It’s no secret that many consumers are starting to buy with sustainability in mind. This is true across countless industries: food/agriculture, automotive, and more recently, technology. There are numerous ways to keep sustainability in mind when shopping for various electronics, especially computers. Like other appliances, older computers tend to be more damaging to the environment if not properly maintained. Up to 80% of IT budgets are used for routine maintenance, but if you have the budget, investing in a newer PC can provide both functionality and eco-friendly benefits. Here are just a few tips to help you choose the right eco-friendly PC.
Green Computing: How To Buy An Eco-Friendly PC (And Dispose Of Your Old One Properly)
Similar to the EnergyStar program, which rates electronics and home appliances on their level of energy-efficiency, EPEAT (Electronic Product Environmental Assessment Tool), a tool provided by the Green Electronic Council, evaluates laptops and other electronics on their eco-friendly values. While the programs are similar, EPEAT has a broader focus that includes environmental analysis of packaging materials, recyclability, and other standards that incorporate the PC throughout its entire lifespan.
Using EPEAT’s recommendations to make your final purchasing decision will definitely benefit the environment; according to Mother Nature Network, the organization helps to prevent the disposal of at least 72,000 metric tons of hazardous materials in addition to saving more than 10 billion kWh of electricity. That’s enough to power about 900,000 homes in the U.S. for an entire year!
Recycle or Donate Old Hardware
It isn’t always easy to find somewhere to safely dispose of your old computer and other hardware, but many big-name manufacturers are following the eco-friendly trend of accepting their old products for recycling. Some require the purchase of a new laptop or desktop computer, but others, like Dell and Toshiba, will accept items free of charge and with no purchase necessary.

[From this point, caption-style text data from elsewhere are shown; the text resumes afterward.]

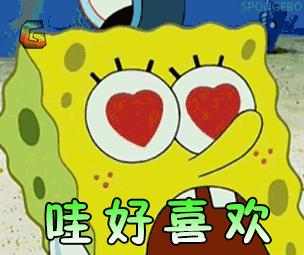 楂樻牎瀛︾敓鐪间腑鐨勫叡闈掑洟,楂樻牎鐢熺溂涓殑鏃朵唬鍙樿縼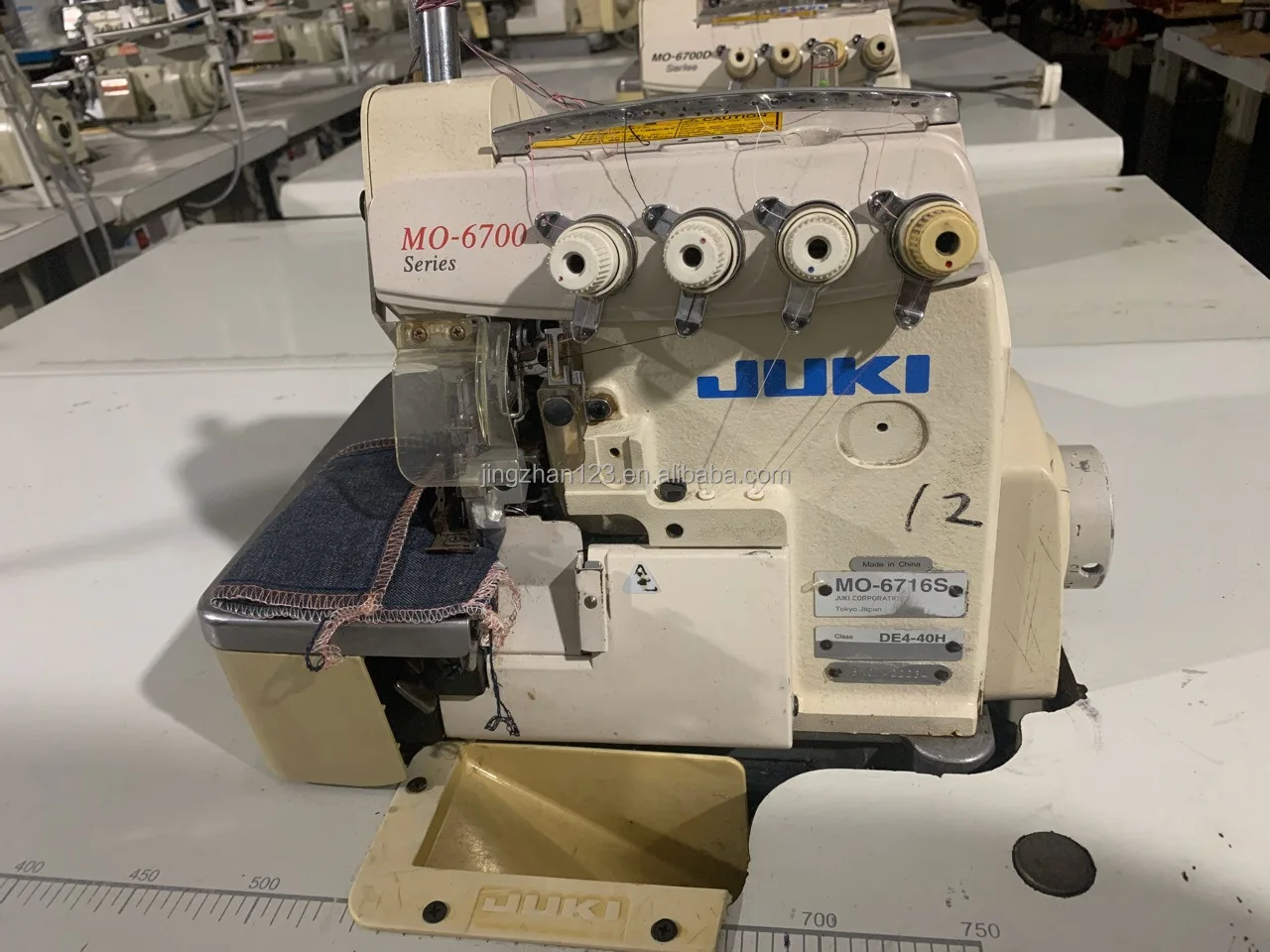 Jukis 6714 Mini Overlock Industrial Sewing Machines Thread Flat Bed 4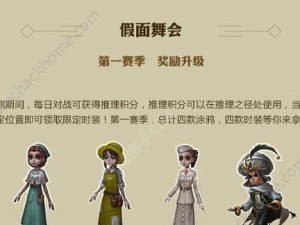 第五人格26赛季推理之径奖励一览（探索神秘之路，解锁丰厚奖励！）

If you have a different brand, consider choosing HP’s Planet Partner recycling program, which accepts any PC brand, but at the cost of between $13 and $34 for each item.

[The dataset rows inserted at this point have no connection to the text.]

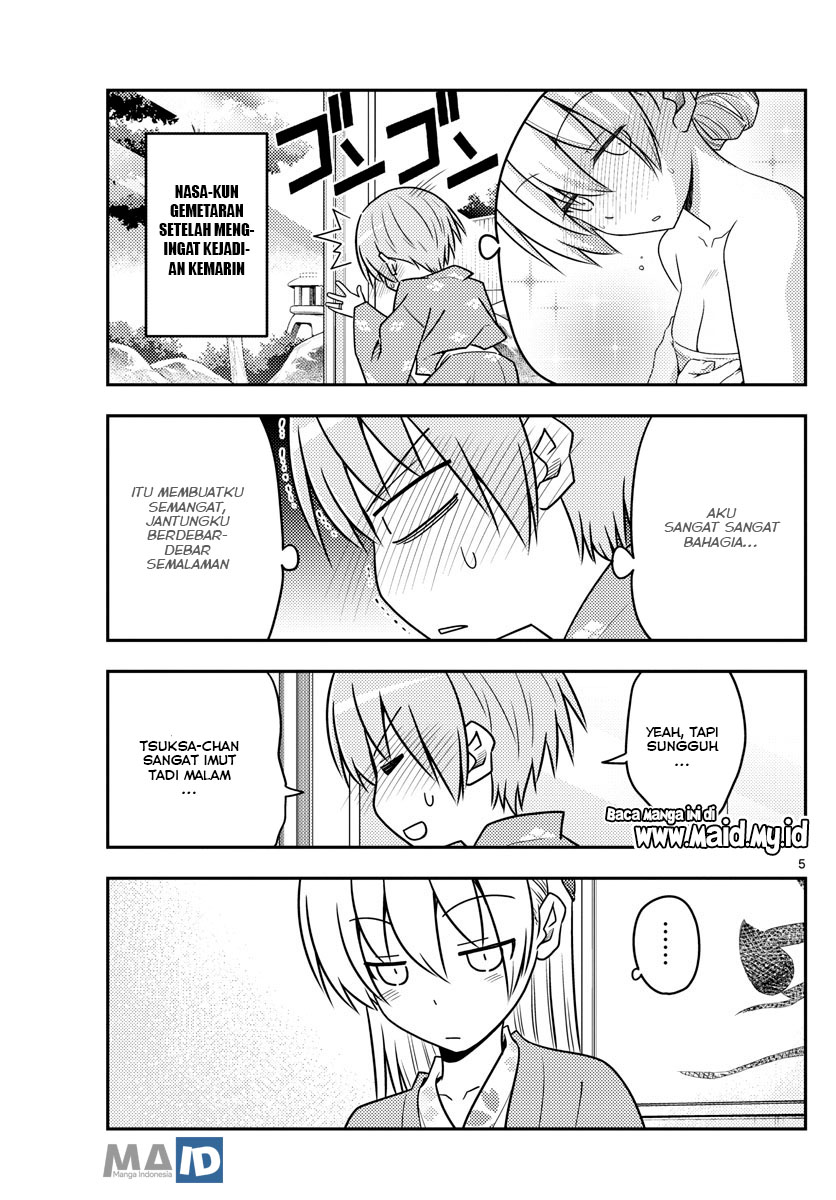 image-komik-tonikaku-kawaii-chapter-75-7/26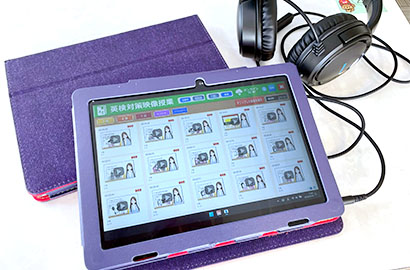英検®の力_タブレット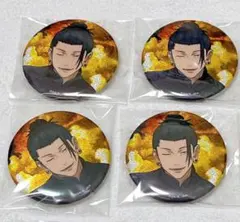 呪術廻戦 壊玉・玉折 五条悟 ラメキラ ラメキラ缶バッジ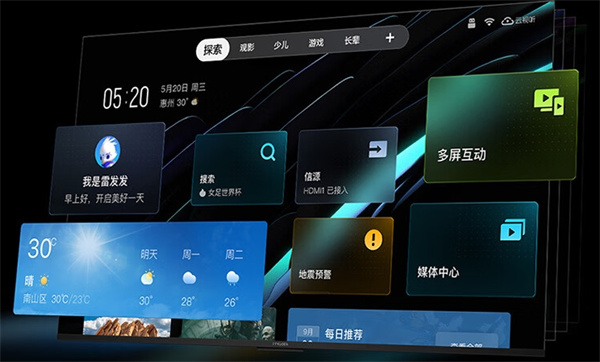 雷鸟鹤 6 PRO 2024 款 75 英寸电视开启预售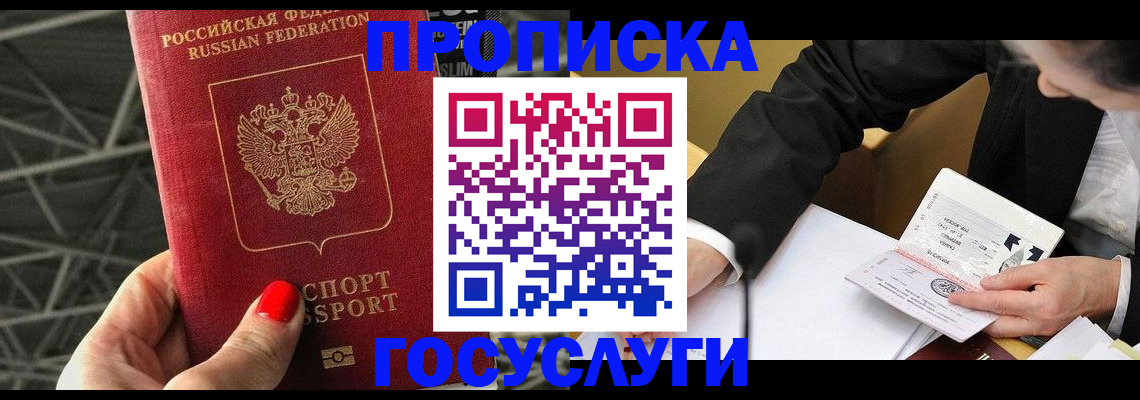 регистрация для дет. сада в Тогучине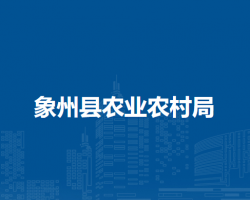 象州縣農業(yè)農村局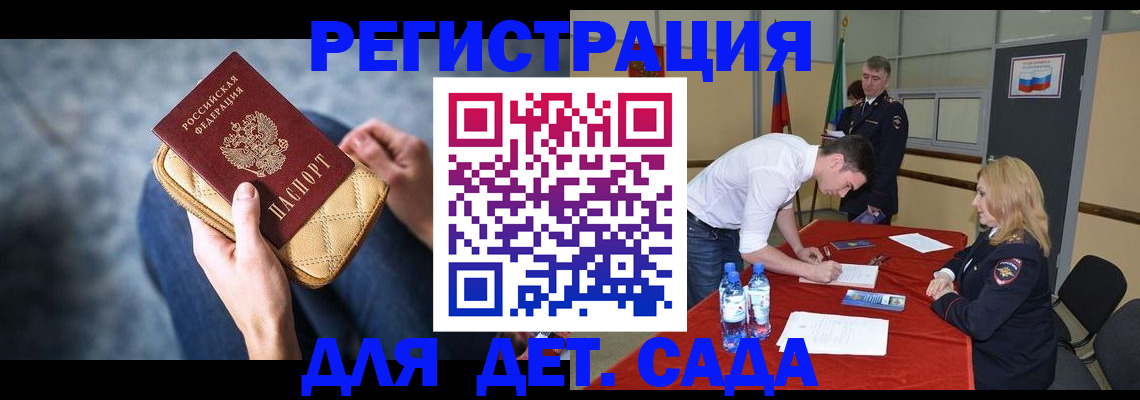 прописка от собственника в Владикавказе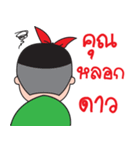 Ka Toey Noi 2 (Grow Up)（個別スタンプ：10）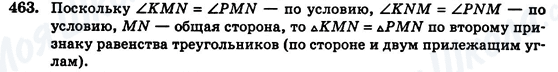 ГДЗ Геометрія 7 клас сторінка 463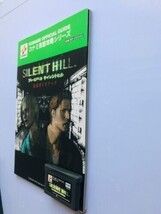プレイノベル サイレントヒル 公式ガイドブック 攻略本セット Play Novel Silent Hill Official Guide book Strategy GBA GAME BOY ADVANCE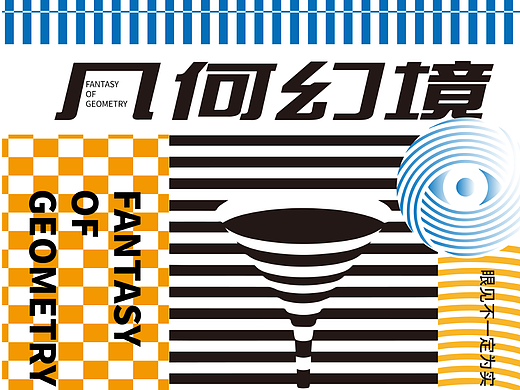 第23天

If the equipment still works, consider wiping its hardware clean and donating it to a school or nonprofit. Thrift stores such as Goodwill are also viable options. For groups that specialize in providing technology to community sectors, consider the National Cristina Foundation, which can connect you with local donation resources.
Ultimately, an international study by Unilever revealed that one-third of consumers are now buying from brands based on their social and environmental impact. This means that it’s easier than ever to do your homework and choose a brand of technology equipment that shares your environmental ideals.